El cristianismo es la posibilidad que se ha dado al pobre ser humano, mediante Cristo, de, por gracia, ser semejantes a Dios. Pero Dios es amor. Y amor hecho hombre en Jesucristo. De allí que ser semejantes a Dios no es otra cosa que amar con el amor con que Dios ama; amar como Jesús.
¿No amás así? ¿no amás como Dios ama, a todos los que Dios ama y por eso los crea y recrea y espera y quiere perdonar y envía a Jesucristo a morir de amor por ellos...? ¿excluís a uno solo de tu amor... con tu indiferencia, con tu condena, con tu palabra? No sos cristiano. Pero " ¡Voy a Misa! ¡me sé de memoria el catecismo! ¡doy limosna! ¡hago penitencia todos los viernes! ¡obedezco al Papa! ¡me voy caminando a Luján! tengo callos en las rodillas de rezar!" ... ¿no querés a los que quiere tu amigo Jesús? No sos su amigo, no sos cristiano, ni siquiera podés llamarte su servidor.

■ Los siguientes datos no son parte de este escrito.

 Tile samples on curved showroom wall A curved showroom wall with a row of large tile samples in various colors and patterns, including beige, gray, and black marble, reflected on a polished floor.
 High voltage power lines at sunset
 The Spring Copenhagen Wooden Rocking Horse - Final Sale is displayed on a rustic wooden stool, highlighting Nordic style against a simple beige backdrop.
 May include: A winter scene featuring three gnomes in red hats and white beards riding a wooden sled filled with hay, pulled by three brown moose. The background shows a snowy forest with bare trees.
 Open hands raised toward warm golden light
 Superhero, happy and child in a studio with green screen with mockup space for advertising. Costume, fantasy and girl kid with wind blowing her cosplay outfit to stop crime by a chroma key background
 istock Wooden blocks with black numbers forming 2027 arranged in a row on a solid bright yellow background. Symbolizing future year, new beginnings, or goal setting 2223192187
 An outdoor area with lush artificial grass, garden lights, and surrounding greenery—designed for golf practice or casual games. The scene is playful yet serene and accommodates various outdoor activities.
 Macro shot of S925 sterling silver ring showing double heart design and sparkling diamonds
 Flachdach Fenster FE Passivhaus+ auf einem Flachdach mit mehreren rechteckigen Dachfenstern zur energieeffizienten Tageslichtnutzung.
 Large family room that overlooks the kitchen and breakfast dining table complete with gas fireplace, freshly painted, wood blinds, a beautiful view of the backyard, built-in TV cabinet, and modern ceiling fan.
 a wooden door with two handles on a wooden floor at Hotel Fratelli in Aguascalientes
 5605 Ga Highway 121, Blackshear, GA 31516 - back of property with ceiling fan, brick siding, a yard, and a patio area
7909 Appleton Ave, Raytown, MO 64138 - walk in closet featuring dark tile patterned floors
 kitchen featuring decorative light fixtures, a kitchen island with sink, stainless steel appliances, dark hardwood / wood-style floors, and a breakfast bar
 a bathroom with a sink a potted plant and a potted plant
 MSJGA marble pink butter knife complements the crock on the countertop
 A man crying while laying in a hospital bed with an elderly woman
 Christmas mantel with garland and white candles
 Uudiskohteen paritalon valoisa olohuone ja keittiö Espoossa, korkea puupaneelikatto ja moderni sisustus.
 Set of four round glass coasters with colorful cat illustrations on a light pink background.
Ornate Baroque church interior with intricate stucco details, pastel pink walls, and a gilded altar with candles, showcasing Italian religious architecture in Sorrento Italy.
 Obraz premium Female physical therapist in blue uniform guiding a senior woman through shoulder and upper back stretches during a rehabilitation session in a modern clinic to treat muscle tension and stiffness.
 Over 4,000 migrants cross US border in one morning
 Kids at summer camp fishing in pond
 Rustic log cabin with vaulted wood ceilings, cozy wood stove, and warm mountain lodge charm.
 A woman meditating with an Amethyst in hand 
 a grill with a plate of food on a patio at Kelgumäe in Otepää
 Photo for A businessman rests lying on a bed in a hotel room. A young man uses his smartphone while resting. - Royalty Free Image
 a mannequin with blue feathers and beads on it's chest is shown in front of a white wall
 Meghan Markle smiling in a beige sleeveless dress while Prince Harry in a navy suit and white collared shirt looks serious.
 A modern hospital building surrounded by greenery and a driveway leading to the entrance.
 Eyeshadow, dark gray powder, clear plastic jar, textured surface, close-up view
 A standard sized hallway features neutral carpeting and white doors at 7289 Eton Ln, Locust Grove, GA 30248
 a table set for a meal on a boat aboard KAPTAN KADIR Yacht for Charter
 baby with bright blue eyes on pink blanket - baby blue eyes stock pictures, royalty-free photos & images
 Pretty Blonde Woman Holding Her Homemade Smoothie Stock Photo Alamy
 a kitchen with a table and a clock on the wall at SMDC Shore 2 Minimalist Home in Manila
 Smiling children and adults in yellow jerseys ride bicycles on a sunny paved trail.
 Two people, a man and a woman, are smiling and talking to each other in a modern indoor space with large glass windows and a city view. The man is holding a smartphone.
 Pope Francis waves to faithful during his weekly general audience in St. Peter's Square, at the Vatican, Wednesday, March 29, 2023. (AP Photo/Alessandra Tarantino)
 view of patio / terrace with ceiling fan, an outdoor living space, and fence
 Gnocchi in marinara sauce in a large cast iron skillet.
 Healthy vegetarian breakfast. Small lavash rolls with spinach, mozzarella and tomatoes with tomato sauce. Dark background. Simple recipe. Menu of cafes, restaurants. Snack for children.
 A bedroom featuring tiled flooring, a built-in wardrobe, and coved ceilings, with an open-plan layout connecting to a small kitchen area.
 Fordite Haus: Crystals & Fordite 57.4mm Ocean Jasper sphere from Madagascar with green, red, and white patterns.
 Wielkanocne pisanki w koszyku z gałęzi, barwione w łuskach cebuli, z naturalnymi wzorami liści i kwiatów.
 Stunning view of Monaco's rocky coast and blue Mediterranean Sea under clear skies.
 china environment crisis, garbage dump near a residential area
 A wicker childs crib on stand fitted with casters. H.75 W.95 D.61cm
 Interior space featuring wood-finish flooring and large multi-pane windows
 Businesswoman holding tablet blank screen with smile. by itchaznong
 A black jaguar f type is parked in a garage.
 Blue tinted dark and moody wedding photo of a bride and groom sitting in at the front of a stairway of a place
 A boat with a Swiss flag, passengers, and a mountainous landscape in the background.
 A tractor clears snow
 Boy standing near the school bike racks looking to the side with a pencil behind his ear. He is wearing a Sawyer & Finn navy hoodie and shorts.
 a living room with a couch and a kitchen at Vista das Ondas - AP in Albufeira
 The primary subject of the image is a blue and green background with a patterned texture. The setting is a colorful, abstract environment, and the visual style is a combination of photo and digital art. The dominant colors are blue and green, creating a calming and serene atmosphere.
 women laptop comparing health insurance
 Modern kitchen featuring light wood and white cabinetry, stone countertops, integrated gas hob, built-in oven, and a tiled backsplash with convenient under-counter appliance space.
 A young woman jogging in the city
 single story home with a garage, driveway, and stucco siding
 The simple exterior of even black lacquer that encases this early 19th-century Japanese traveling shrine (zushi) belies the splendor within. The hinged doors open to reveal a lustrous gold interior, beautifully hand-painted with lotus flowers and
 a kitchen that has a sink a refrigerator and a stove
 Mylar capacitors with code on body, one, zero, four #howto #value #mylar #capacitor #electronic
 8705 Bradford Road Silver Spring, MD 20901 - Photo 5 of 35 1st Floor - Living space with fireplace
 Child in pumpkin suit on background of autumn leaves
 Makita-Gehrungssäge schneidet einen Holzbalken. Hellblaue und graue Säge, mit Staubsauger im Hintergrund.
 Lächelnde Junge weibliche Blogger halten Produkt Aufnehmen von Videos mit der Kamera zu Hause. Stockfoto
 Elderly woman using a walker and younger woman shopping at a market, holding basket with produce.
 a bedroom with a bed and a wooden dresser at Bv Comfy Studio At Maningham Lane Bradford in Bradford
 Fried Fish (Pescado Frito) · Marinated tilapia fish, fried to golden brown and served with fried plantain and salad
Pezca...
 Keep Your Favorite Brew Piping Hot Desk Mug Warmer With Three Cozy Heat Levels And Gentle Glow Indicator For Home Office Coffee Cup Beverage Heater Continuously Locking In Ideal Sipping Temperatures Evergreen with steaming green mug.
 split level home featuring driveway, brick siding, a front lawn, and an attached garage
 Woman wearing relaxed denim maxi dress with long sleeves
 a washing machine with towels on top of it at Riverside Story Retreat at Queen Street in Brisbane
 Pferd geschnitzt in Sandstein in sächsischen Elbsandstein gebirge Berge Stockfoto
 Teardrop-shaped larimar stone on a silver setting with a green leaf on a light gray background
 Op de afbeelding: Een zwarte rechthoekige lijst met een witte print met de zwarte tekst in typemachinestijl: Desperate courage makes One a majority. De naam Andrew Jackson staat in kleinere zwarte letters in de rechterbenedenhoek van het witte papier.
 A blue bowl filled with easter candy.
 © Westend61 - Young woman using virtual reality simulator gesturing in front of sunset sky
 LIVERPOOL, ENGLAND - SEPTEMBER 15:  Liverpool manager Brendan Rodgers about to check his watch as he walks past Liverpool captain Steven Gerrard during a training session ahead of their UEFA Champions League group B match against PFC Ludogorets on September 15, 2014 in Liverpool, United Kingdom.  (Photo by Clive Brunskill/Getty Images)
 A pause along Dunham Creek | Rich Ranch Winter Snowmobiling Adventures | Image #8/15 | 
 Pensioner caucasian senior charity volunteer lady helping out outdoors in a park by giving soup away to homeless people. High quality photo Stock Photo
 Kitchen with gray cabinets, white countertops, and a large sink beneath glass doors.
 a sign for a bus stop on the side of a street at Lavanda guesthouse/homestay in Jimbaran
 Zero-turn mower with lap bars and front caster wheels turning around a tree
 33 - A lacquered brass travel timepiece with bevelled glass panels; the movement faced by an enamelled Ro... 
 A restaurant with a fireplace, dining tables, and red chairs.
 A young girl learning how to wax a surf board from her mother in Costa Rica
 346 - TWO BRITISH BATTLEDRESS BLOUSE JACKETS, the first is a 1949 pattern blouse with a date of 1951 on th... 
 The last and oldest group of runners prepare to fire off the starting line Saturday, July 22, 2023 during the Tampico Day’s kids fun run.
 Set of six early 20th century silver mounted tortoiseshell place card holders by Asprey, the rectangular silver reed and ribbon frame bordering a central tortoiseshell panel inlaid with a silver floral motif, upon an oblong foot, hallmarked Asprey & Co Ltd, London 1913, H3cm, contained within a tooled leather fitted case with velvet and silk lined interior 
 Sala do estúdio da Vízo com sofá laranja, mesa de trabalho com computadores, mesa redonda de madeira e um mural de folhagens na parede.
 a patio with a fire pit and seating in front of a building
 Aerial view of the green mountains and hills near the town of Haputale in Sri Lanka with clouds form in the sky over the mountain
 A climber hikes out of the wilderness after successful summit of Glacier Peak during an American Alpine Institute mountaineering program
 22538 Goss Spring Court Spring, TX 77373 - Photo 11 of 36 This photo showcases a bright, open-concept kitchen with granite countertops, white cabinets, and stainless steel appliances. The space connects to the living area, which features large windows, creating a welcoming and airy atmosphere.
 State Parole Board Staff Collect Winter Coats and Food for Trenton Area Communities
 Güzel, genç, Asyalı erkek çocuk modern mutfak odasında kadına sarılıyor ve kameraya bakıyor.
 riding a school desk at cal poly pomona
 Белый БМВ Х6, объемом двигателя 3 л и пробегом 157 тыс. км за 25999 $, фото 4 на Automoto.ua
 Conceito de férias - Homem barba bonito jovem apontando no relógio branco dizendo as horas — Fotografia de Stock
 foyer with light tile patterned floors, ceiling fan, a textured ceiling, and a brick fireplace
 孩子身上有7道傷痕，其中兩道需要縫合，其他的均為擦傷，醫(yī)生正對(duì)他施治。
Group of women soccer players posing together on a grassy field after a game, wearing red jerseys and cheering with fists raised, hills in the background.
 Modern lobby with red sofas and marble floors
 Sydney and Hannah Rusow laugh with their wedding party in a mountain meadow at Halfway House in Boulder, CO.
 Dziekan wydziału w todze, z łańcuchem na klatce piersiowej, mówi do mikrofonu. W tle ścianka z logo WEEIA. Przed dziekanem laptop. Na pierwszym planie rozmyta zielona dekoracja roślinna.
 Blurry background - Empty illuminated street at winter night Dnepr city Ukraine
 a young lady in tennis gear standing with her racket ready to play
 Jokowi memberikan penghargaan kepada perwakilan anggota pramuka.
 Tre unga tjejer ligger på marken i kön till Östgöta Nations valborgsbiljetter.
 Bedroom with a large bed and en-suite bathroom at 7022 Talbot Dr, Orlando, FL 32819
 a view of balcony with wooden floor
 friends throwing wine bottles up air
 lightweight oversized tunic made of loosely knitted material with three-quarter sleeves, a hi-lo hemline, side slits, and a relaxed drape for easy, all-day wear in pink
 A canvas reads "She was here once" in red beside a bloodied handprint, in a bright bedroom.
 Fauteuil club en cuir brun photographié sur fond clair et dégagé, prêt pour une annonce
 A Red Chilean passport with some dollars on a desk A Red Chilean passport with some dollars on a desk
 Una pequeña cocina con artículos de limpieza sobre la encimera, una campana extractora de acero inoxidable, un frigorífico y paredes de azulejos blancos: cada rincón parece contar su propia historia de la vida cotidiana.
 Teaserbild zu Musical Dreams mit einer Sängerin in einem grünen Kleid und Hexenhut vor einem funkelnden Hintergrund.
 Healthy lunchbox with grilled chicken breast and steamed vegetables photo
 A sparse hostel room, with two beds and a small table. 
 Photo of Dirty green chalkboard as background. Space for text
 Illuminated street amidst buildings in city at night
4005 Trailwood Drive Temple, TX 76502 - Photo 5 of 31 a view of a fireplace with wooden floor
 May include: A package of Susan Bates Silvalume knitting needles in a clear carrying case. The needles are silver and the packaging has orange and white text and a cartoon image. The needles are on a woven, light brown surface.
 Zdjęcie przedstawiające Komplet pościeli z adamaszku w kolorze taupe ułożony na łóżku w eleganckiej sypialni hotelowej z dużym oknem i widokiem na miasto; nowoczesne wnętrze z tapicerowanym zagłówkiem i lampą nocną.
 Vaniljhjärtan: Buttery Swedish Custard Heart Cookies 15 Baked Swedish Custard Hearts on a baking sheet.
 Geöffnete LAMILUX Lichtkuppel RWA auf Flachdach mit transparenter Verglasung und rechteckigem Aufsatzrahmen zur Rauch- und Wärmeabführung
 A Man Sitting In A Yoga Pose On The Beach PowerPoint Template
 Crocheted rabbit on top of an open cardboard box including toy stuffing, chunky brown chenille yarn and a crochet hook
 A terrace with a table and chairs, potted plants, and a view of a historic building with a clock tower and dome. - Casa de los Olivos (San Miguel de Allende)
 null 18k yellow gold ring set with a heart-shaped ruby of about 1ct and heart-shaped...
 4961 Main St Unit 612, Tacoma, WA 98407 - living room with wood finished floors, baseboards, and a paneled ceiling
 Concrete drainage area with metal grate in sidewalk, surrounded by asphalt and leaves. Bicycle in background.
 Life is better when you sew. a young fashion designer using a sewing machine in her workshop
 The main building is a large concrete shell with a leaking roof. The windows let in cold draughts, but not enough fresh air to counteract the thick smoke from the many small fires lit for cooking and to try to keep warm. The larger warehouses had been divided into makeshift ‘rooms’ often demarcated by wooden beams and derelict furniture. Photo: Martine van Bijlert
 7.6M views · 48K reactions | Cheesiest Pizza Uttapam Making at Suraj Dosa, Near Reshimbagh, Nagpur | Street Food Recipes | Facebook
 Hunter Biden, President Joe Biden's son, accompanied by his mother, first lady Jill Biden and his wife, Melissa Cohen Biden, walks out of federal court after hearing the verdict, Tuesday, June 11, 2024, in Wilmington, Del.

"Como el Padre me amó yo los amo; como yo los amo ámense los unos a los otros...". Cascada de amor que, gestada en la Trinidad Santísima, germinó en fuegos de estrellas y en colores de montañas y de mares, bajó al vientre de María y se hizo inmenso viento de amor en el último crucificado suspiro de Jesús. Ese suspirar de amor es el que te levantó con su ímpetu en el bautismo. Hazlo florecer, hacelo dar fruto, en amor y en alegría... Vos, amigo de Jesús, amigo de sus amigos, ¡da frutos!, ¡da frutos duraderos! Reflejá el amor y la alegría de Dios, en tu vivir cristiano, en tu optimismo alegre a pesar de las tristezas de esta vida, en tus legítimos placeres elevados a verdadera alegría, en tu simpatía y no cortantes desprecios, en tu paz y no adusta mirada, en tu buen humor y no tu frialdad estoica, en tu consejo y corrección fraterna y no tu cortante condena, en tu jovialidad mariana y no tu fruncimiento kantiano... Liberá tu corazón para el amor gozoso, para la amistad con Cristo, para la benevolencia a tus hermanos, para la verdadera y sempiterna alegría.